The Coca-Cola Company (KO) has posted net revenue growth of 5% in the first three months of the year, representing an “encouraging” first quarter performance.
Net revenues grew 5% to $8bn in the period with organic revenues up 6%.
Some 2 percentage points of this growth was attributable to timing – notably bottler inventory stockpiling related to Brexit related uncertainty.
Reported revenue also benefited from the closing of the Costa acquisition during the quarter. Coca-Cola said the company has completed a “smooth transition” of Costa and is working quickly to leverage the total coffee platform.
Its concentrates products delivered sales growth of 1% amid price/mix improvement of 5% driven by “consumer-centric innovation” and “revenue growth management initiatives”.

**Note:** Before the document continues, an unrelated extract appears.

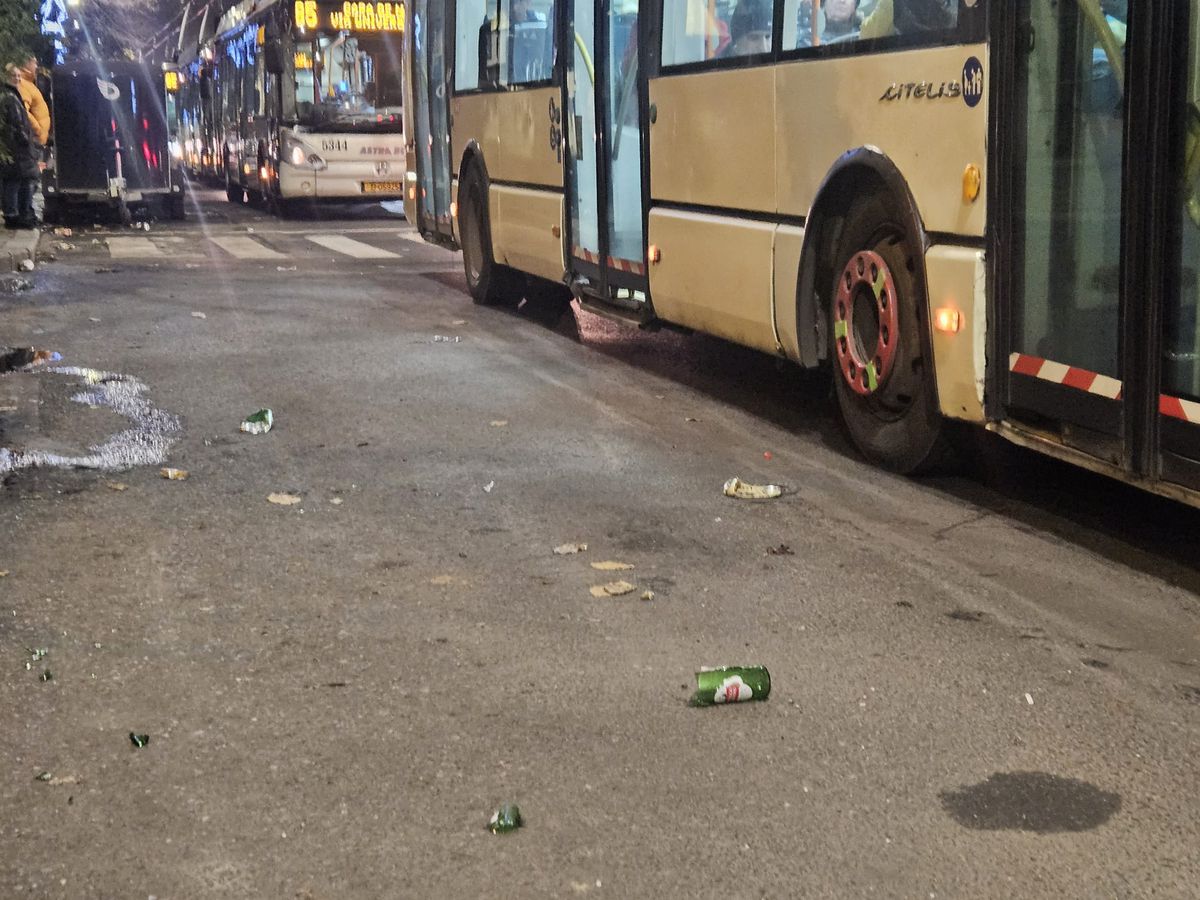 Suporterii lui Feyenoord au spart sticle pe străzile din București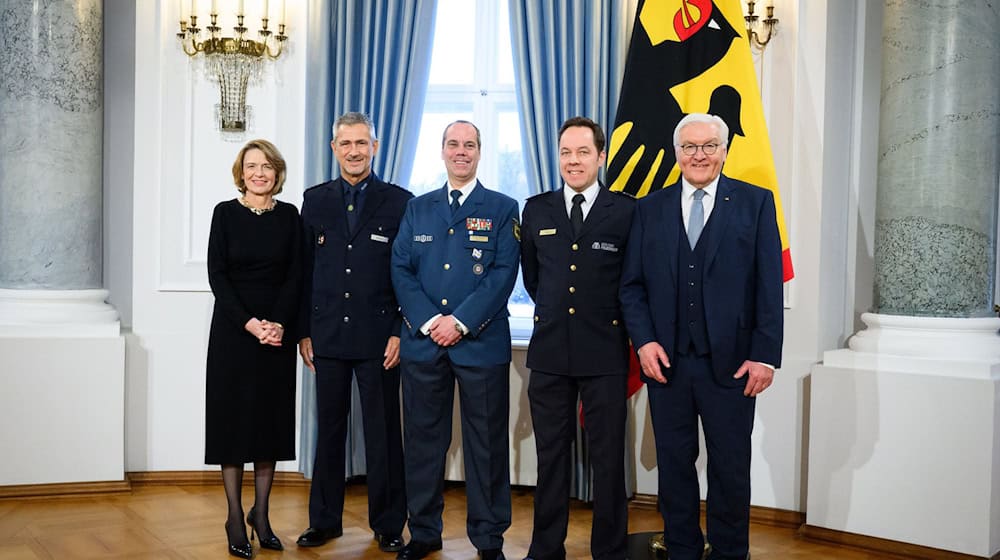 Bundespräsident Steinmeier ehrt beim Neujahrsempfang Berliner Einsatzleiter von Polizei, Feuerwehr und THW, die beim Strom-Blackout Verantwortung hatten  / Foto: Bernd von Jutrczenka/dpa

Unit case volume grew 2%, driven by strong growth across key markets within Asia and Europe, partially offset by a decline in Argentina, the Middle East region and North America.
Sparkling soft drinks grew 1%, driven by strong global performance in brand Coca-Cola through double-digit growth of Coca-Cola Zero Sugar.
Juice, dairy and plant-based beverages volume was even as strong performance in the Del Valle brand in Mexico and the Maaza brand in India was offset by a decline in Rani.
Water, enhanced water and sports drinks grew 6%.
Operating margin for the quarter was 29.1% versus 23.7% in the prior year, although comparable operating margin was 30.5% versus 30.7% in the prior year due to currency headwinds and net acquisitions.
Comparable earnings per share from continuing operations grew 2% to $0.48, despite an 11-point currency headwind.
CEO James Quincey commented: “We’re encouraged by our first quarter results as our disciplined growth strategies continue to deliver strong underlying performance.”
“We remain confident in our full year guidance as we continue to make progress on our transformation as a consumer-centric total beverage company.”